Crypto's Attention Hierarchy: The Unmatched Value of Kobe

  • Analyzing the crypto attention economy, Kain declares Kobe as "100%" the most valuable person on Crypto Twitter, placing him in a class of his own above even figures like Vitalik Buterin. While Vitalik's blessing is a scarce and powerful endorsement, Kobe's value comes from his relentless timeline presence, humor, and ability to command the narrative.
  • Kain’s analysis underscores that in crypto, influence is a measurable and critical resource. For investors, tracking the flow of attention and understanding the key nodes of influence like Kobe is essential for gauging a project's potential for narrative momentum.

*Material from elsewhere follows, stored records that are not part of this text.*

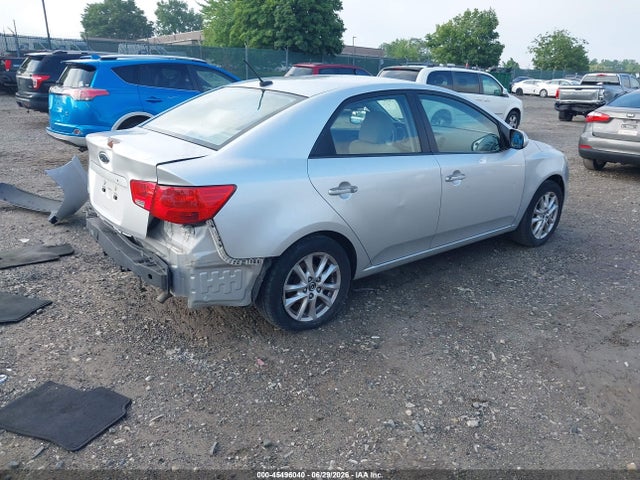 صورة 4 لـ 2010 KIA FORTE LX
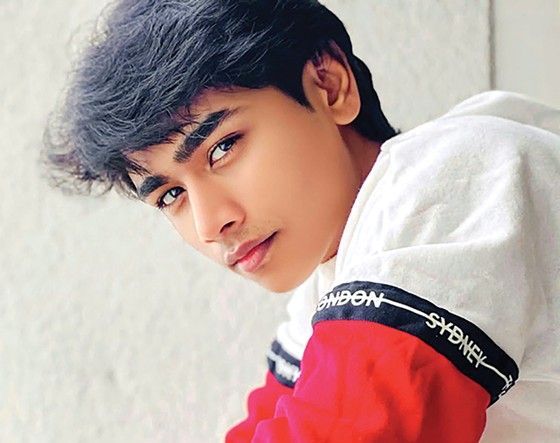 Giới sao Bollywood đang chật vật chống lại Covid-19 ảnh 1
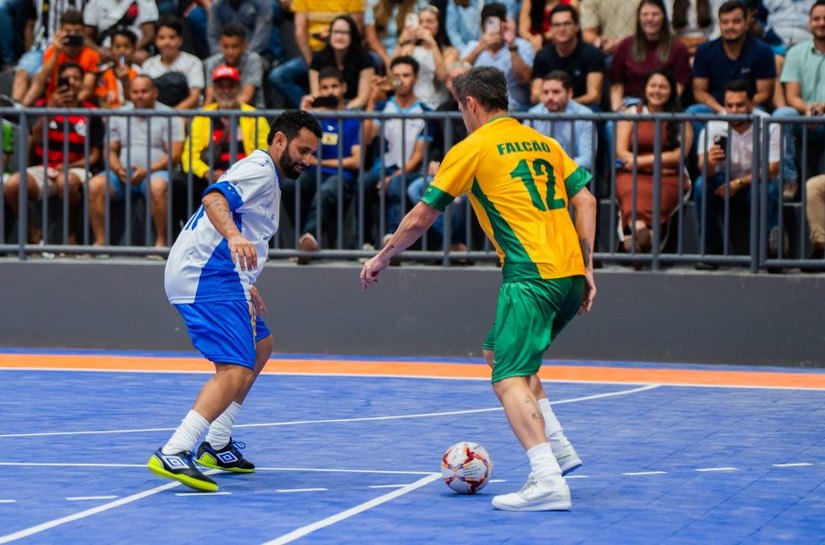 Luciano Barbosa entrega novo Ginásio João Paulo II em noite de festa com o jogador Falcão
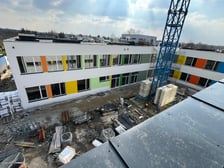 <p>Tak będzie wyglądała nowa plac&oacute;wka na Maślicach przy ul. Białostockiej (zdjęcie z budowy)</p>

War Stories: Longevity, Burnout, and Personal Recovery

  • In a deeply personal segment, Kain discusses the immense toll of navigating multiple crypto cycles. He describes his burnout after DeFi Summer, which led to a year-long "drug binge" that he says almost killed him. He shares that his journey through rehab was transformative, giving him the clarity and stability needed to build again.
  • This raw account serves as a powerful cautionary tale about the mental and physical costs of the relentless grind in crypto. It highlights the importance of sustainability and self-awareness for founders and investors planning to stay in the industry for the long haul.

Navigating the Current Crypto Cycle

  • Kain believes we are two years into the current bull cycle, which he dates back to the "first green shoots" on Solana in 2023. He notes that exhaustion is setting in among those who have been in the trenches, but warns that the reality of a bear market is always far worse than the romanticized idea of a "break."
  • He also reflects on a key mistake made while building Infinex: not being resource-constrained. Having to enforce discipline on himself was a major challenge, offering a lesson for well-capitalized founders that constraints can often lead to better, more focused decisions.

Conclusion

  • This episode underscores that defeating centralized incumbents requires more than just superior technology; it demands relentless iteration on user experience and sophisticated incentive design. Investors and researchers must track how platforms are solving user friction and evolving token distribution beyond simple airdrops to identify tomorrow's winners.